– Да, Яков Сидорыч шельма! – с удовольствием подтвердил фельдшер. – Наш доктор его спрашивает: как же, мол, дочери Селиванова, не были ли они против брака своей матери… А Яков Сидорыч ему и говорит: «Не волнуйтесь, они будут считать меня лучшим отчимом на свете, потому что я не буду мешать им совершать любые ошибки, которые им захочется совершить».
– Это что-то слишком для меня мудрено, – заметила Феврония Никитична. – Ну да Яков Сидорыч всегда умел устроиться. Наш-то доктор не такой, он приличный человек…
Поликарп Акимович вздохнул.
– Так думаешь, он не женится на Ольге Ивановне?
– Деньги, конечно, дело хорошее, – степенно промолвила Феврония Никитична, – да только вот за свои деньги она пожелает иметь его целиком, понимаешь? А он все-таки другого склада человек… Ладно, заболталась я тут с тобой, иди уж, а то мне обед готовить надо.
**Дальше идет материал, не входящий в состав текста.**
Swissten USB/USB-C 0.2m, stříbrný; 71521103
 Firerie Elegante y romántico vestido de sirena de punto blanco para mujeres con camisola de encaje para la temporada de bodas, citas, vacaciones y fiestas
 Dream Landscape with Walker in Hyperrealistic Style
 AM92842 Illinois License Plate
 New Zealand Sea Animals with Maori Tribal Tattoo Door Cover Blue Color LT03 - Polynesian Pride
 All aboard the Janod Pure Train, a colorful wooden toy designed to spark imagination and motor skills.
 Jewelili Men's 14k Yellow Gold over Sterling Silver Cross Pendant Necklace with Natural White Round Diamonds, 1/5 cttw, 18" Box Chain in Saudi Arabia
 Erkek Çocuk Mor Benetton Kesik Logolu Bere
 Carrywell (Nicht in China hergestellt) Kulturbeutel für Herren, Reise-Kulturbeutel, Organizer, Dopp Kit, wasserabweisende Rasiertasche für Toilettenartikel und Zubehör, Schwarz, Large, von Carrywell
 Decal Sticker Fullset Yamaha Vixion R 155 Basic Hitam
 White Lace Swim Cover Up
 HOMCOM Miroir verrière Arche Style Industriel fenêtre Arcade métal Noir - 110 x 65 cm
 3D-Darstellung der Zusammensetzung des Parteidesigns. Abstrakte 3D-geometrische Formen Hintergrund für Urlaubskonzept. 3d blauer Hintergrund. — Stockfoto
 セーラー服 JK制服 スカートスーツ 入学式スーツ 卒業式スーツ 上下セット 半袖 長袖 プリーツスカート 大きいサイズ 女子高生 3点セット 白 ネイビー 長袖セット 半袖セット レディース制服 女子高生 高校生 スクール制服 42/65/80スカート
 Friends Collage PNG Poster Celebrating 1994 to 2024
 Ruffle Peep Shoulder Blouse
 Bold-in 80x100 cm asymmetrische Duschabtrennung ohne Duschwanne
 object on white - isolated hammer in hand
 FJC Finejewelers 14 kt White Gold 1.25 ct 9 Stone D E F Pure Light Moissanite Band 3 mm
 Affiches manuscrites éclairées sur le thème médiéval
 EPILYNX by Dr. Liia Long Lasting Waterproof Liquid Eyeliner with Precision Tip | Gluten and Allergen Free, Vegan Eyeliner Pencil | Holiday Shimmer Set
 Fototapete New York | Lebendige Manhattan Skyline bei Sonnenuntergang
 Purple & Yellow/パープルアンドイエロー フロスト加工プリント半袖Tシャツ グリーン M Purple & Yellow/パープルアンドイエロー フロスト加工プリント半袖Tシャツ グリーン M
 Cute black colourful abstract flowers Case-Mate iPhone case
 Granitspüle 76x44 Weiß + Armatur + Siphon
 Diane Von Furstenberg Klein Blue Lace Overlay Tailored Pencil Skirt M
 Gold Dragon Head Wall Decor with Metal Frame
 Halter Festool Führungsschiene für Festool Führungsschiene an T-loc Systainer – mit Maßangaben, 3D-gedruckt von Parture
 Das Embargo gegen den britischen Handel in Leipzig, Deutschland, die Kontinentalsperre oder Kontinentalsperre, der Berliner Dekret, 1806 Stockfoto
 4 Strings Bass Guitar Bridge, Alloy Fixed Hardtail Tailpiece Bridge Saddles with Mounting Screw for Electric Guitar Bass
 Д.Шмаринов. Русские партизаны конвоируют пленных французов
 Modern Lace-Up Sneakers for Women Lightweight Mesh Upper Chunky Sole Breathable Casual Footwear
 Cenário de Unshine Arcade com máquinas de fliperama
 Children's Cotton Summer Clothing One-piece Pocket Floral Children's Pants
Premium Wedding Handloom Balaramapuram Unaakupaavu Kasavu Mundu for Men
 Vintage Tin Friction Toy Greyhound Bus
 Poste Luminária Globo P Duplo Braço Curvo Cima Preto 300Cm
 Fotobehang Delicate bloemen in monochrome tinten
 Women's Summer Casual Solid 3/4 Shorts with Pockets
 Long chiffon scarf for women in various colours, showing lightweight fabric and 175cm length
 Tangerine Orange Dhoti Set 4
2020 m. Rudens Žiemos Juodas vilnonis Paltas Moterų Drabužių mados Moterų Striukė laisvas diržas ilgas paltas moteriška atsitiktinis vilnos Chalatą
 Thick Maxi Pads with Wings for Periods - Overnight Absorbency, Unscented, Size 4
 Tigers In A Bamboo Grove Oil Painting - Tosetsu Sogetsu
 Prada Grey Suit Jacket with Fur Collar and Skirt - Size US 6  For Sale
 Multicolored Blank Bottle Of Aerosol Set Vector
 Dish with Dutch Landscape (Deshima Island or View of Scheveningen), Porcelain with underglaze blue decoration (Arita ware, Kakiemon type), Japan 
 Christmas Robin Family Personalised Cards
– Вряд ли доктор приедет к обеду, – ответил фельдшер. – Его господин Порошин вызвал. На пруду мать с дочкой утонули, он заключение о смерти должен давать…
– А кто утонул-то?
– Да, Аксинья, у которой прадед сто два года прожил, – охотно поделился фельдшер. – Все из-за дочки, вечно она то по деревьям лазила, то по льду бегала… Тут она проказничала и провалилась под лед, мать побежала ее вытаскивать и провалилась тоже… Обе утонули.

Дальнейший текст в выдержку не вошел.